>> Civil Engineering
MASONRY DESIGN ASSIGNMENT
Question 1 - Derivation of seismic actions on building
a) Determine the storey seismic weights (Wi) for each suspended level of the building, hence the seismic weight (Wt) of the entire building. When determining the storey seismic weights, include the slab selfweight, superimposed dead load, and the weight of walls, as well as the live load multiplied by the combination factor ψc (see §6.2.2 of AS1170.4: 2007 for guidance on determining Wt).
b) Calculate the base shear V for the structure.
c) Determine the storey seismic force distribution for the building. Present your results in a diagram like the example shown in Figure 4.
d) Determine the storey shear force distribution for the building. Present your results in a diagram like the example shown in Figure 4.
e) Determined the storey bending moment distribution for the building. Present your results in a diagram like the example shown in Figure 4.
Question 2 - Compressive capacity of unreinforced masonry
a) Determine the ultimate (1.2G+1.5Q) axial force on wall W07 at all levels of the building. Draw an axial force diagram for this wall (use a similar format to the SFD drawn in Question 1 part d)).
b) Check the capacity of wall W07 using "Design by simple rules" in §7.3.3 of AS3700. Note that you only need to check the capacity of the wall at the critical location i.e. ground level.
c) Suppose that an alternate floor framing arrangement was used for the building with a 300mm wide reinforced concrete beam (so the bearing area is 300mm×230mm) transmitting an ultimate (already factored) load N* = 250 kN to W07 as shown in Figure 5. Check the capacity of wall W07 under this loading arrangement. It may be assumed that the restraint provided to the top of the wall is the same as that provided by the slab in part (b) above.

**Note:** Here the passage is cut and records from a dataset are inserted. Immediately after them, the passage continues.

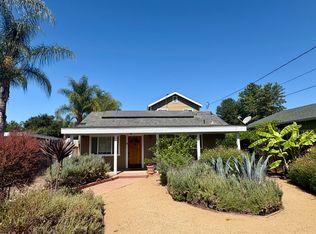 133 Prospect St, Oak View, CA 93022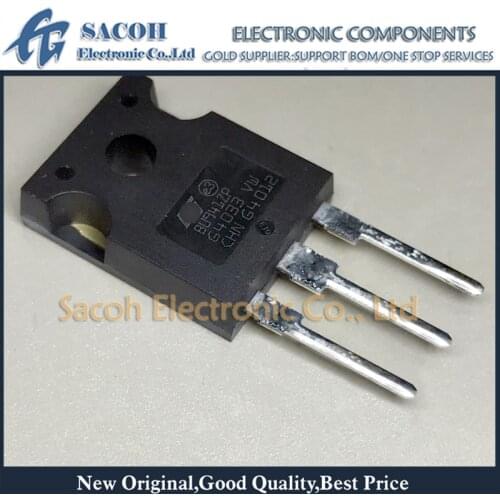 New Original 10PCS/Lot BU941P BU941 or BU941ZP BU941 941 TO-247 15A 500V NPN POWER DARLINGTON TRANSISTOR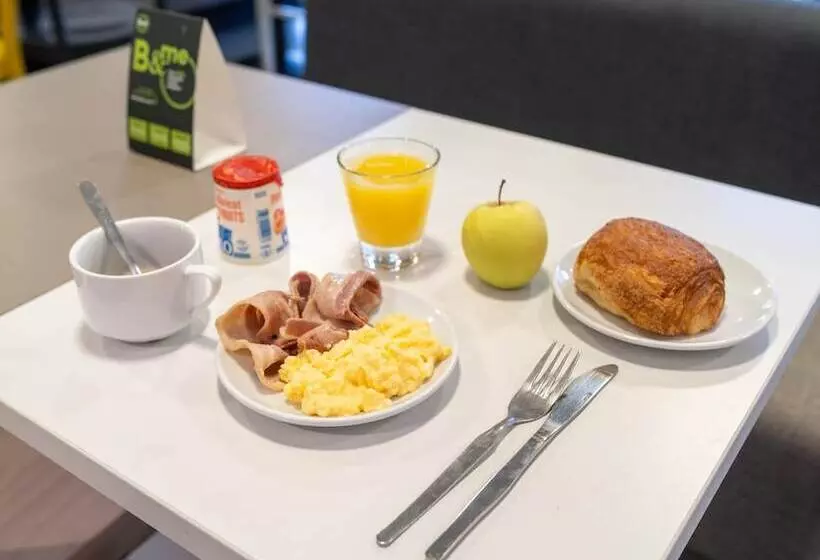 B&b Hotel Limoges 2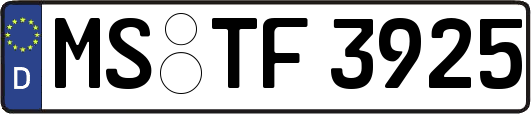 MS-TF3925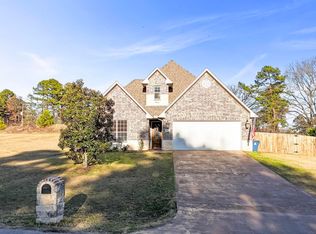 18411 Whipporwill Ln, Flint, TX 75762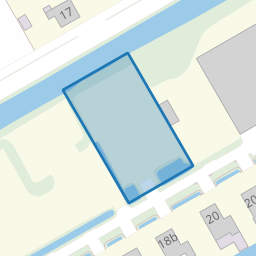 Perceel PAK00-B-1834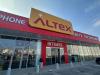 Altex inaugurează un nou magazin în București; reduceri masive și promoții exclusive în ziua lansării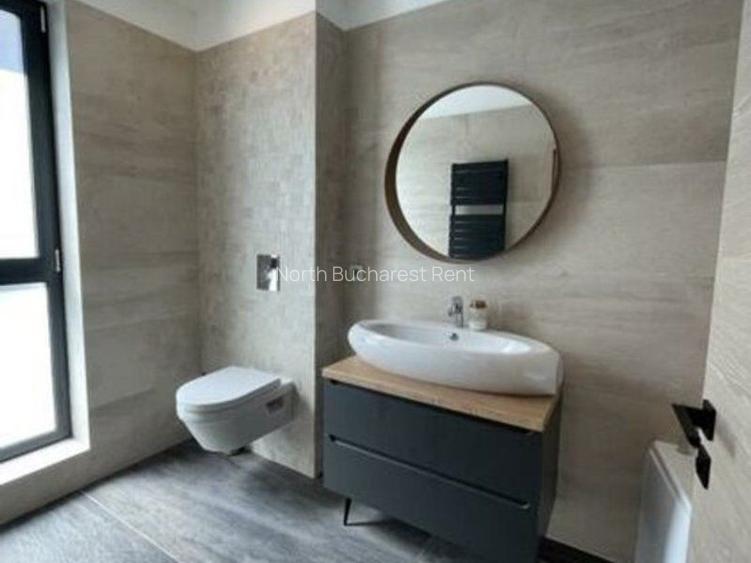 Vila De Închiriat Premium 4 Camere | Iancu Nicolae | Pipera - 10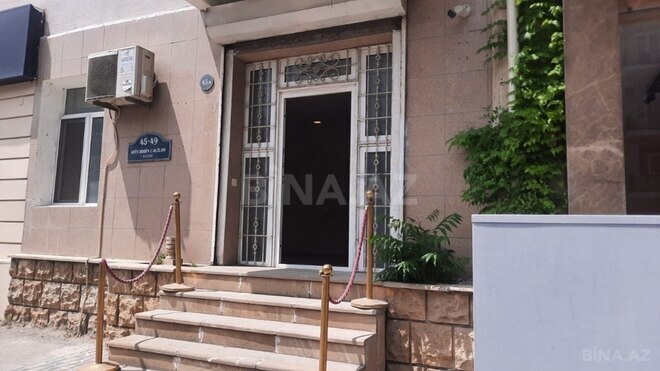 Сдается 3-комн. офис 70 м², м. Шах Исмаил Хатаи, photo 4 from 13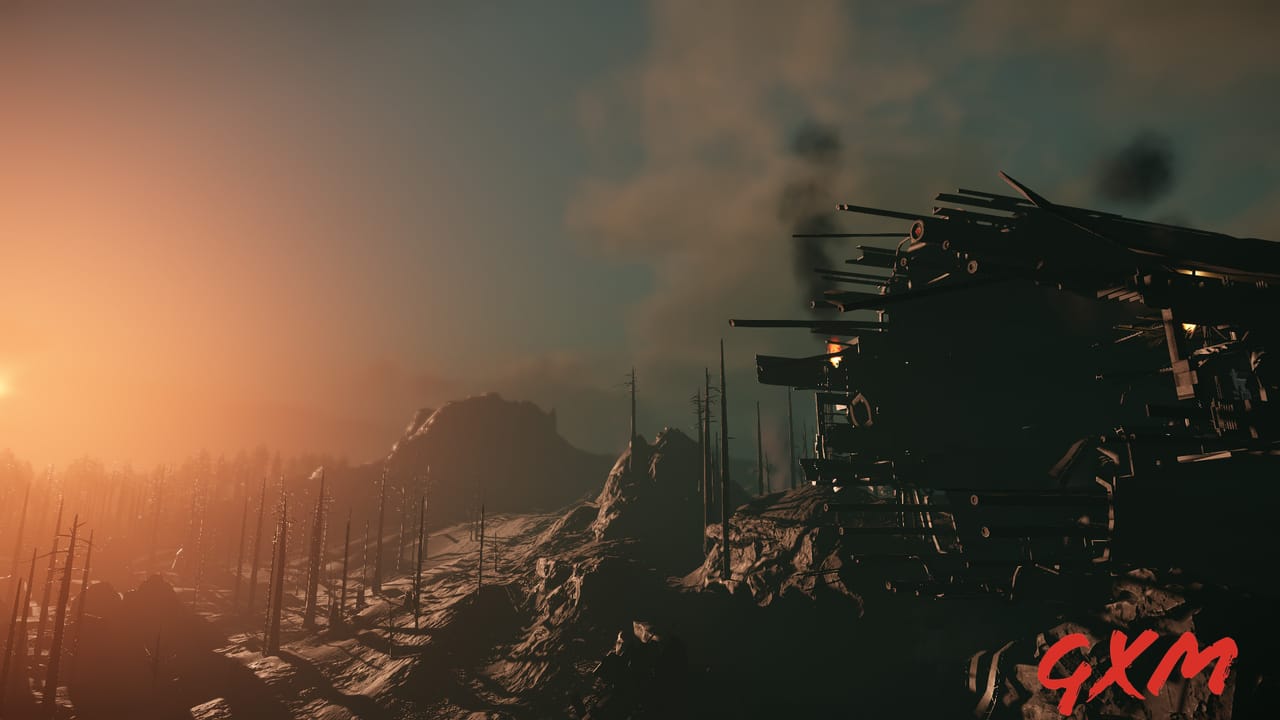 Screenshot 3 of Collision Course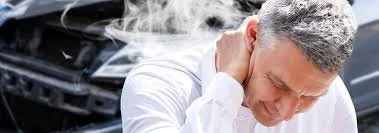 Can Whiplash Cause Back Pain? What You Need to Know After an Accident&nbsp;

Question 3 - In-plane analysis of unreinforced masonry
a) For wall W34, determine the dead load, live load for all levels of the building, hence determine 0.9Wt for W34 at the ground floor of the building (this is the load to be used for all shear and flexural checks of the wall in accordance with §220.127.116.11 and §18.104.22.168 of AS3700).
b) Calculate the relative proportion of seismic forces, hence shears and moments to each of the walls in the North-South direction (y-direction). You may assume the following:
- The centre of mass and centre of stiffness coincide
- No accidental eccentricity needs is to be considered
- Seismic loading is only applied in the y-direction (North-South direction)
- The floor slabs act as a rigid diaphragm in-plane, with no flexural coupling out- of-plane, that is, the walls act as 12m tall cantilevers.
c) Using the results from parts a) and b), draw the axial force diagram (for load case 0.9Wt), shear force diagram, and bending moment diagram for wall W34. Note that although 0.9Wt is taken as the vertical load on the wall, the seismic loads are to be calculated using Wt (i.e. as previously determined in Question 1).
d) Check wall W34 for the following:
i. In-plane shear.
ii. Heel tension and toe compression.
e) FOR CIVL6120 STUDENTS ONLY: Repeat part d) ii. but instead of simply checking tension and compression stresses in the wall, determine the flexural capacity of the wall using rectangular stress-block theory (based on the assumptions outlined in Section 8.3 of AS3700). Compare this to the results obtained from d) ii) and comment on which method you think is the more appropriate method of checking the in-plane flexural capacity of an existing wall under earthquake loading? Justify your answer.
Question 4 - Out-of-plane analysis of unreinforced masonry
a) Check the out-of-plane capacity of W26 under seismic loading (see §8.3 of AS1170.4:2007) at the uppermost floor of the building. Assume that the inner (230 mm) skin of bricks is simply supported at the roof and second floor levels and one vertical edge is supported laterally by wall W36 (the other vertical edge is not supported). You may assume that the outer skin of bricks is connected to the inner skin using heavy duty ties but it is not necessary to check the wall ties. In performing the check assume that the inertia forces are shared between the two leaves of the wall (see §7.7 of AS3700:2018)
Question 5 - Reinforced masonry retaining wall
The retaining wall shown in Figure 6 is fixed to the footing at its base and laterally supported along its top edge by the attached pavement (that is, it is a propped cantilever). Assume there is no surcharge loading from the pavement.
a) Draw the bending moment diagram and shear force diagram for the retaining wall.
b) Using a block size of 290×190×390 units, design flexural reinforcement (and shear reinforcement if required) for the retaining wall. You may assume that M4 mortar is to be used and the units are face shell bedded, the grout compressive strength f'cg = 20MPa and block compressive strength: f'uc = 15MPa. Include the design of starter bars into the footing but do not design any other reinforcement in the footing.
c) Provide a neat sketch of your design.